Data provided>

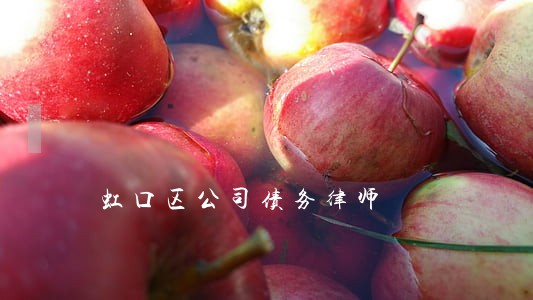 虹口区公司债务律师 虹口区公司债务律师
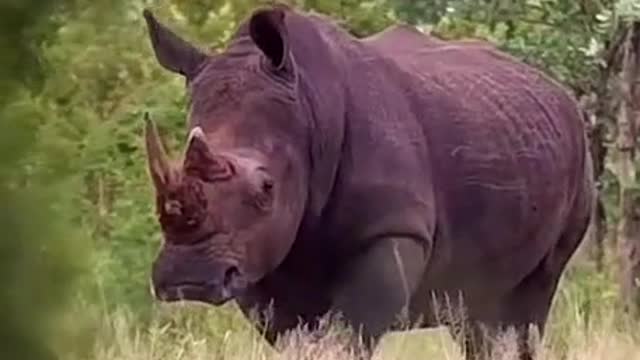 Is this a white rhino? A rhino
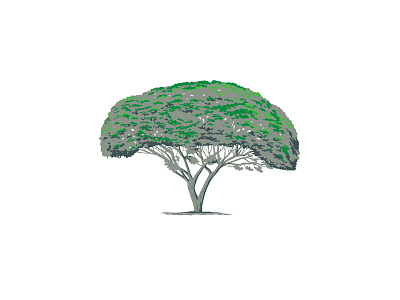 Mimosa Tree or Albizia Julibrissin WPA Art acacia acacia dealbata albizia julibrissin blue wattle branches canopy flat topped crown mimosa mimosa tree silver wattle trunk wpa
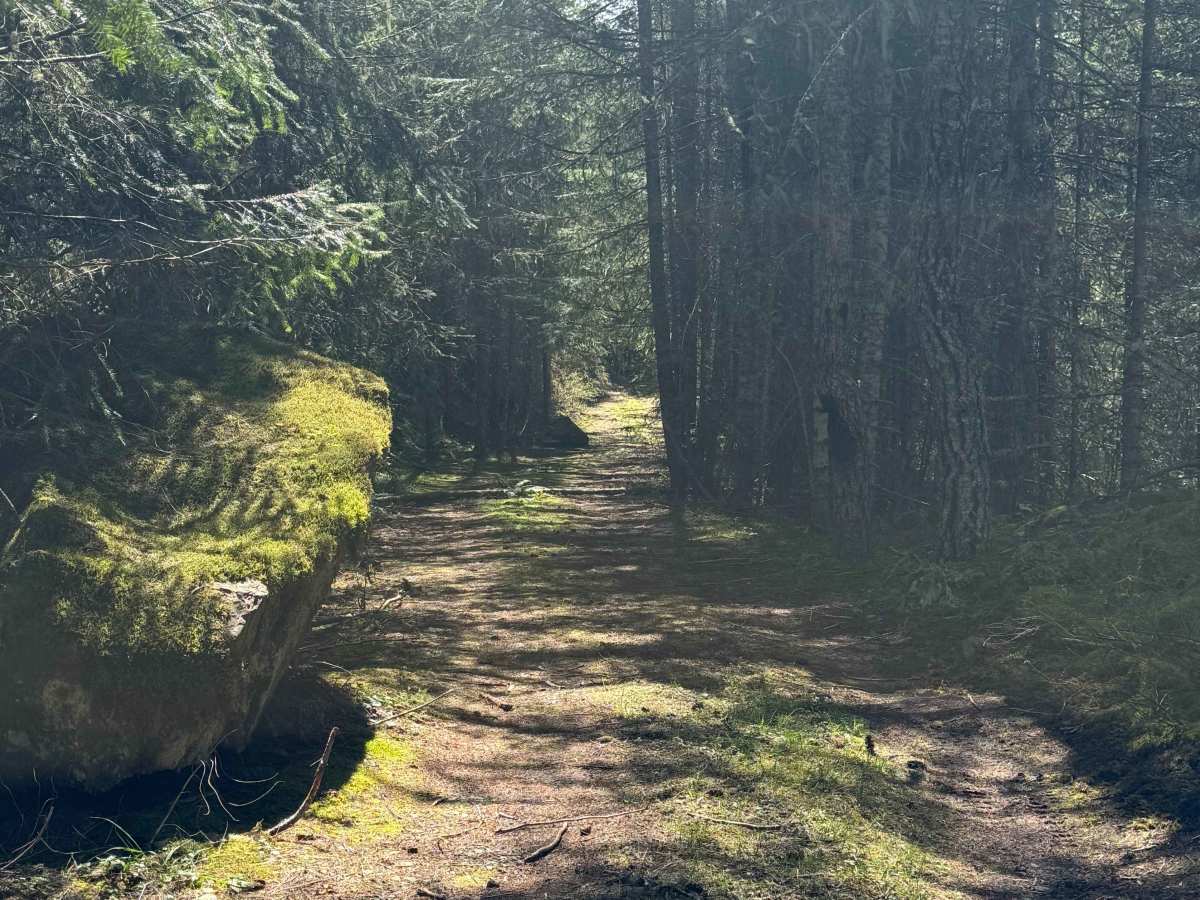 Cortright Junction - FR 4510 trail photo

What is being asked> The answer is the full listing above, reproduced character for character, minus its images.

Response>
 虹口区公司债务律师 虹口区公司债务律师
 Is this a white rhino? A rhino
 Mimosa Tree or Albizia Julibrissin WPA Art acacia acacia dealbata albizia julibrissin blue wattle branches canopy flat topped crown mimosa mimosa tree silver wattle trunk wpa
 Cortright Junction - FR 4510 trail photo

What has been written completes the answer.